Data:
=-=-=-=-=
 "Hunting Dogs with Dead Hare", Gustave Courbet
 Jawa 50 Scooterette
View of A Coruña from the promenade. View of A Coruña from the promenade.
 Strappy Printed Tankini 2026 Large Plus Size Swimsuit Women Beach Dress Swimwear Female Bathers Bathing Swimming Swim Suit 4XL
=-=-=-=-=
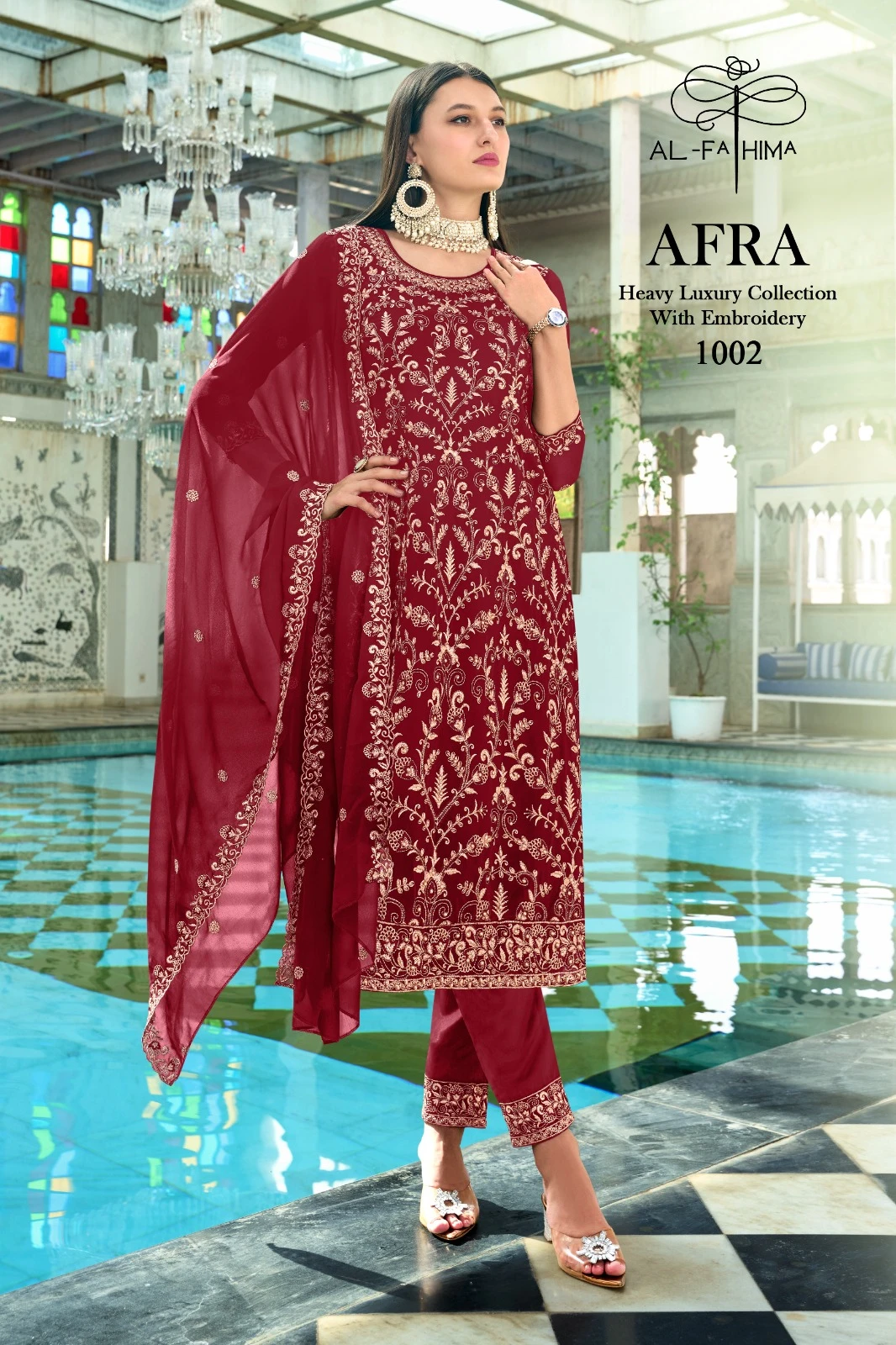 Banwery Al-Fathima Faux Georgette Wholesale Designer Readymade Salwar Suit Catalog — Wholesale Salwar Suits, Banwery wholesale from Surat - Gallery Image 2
=-=-=-=-=
Only the lines above from the line with "Jawa 50 Scooterette" to the line with "Strappy Printed Tankini", those two lines included, should be reproduced exactly.

Answer space:
 Jawa 50 Scooterette
View of A Coruña from the promenade. View of A Coruña from the promenade.
 Strappy Printed Tankini 2026 Large Plus Size Swimsuit Women Beach Dress Swimwear Female Bathers Bathing Swimming Swim Suit 4XL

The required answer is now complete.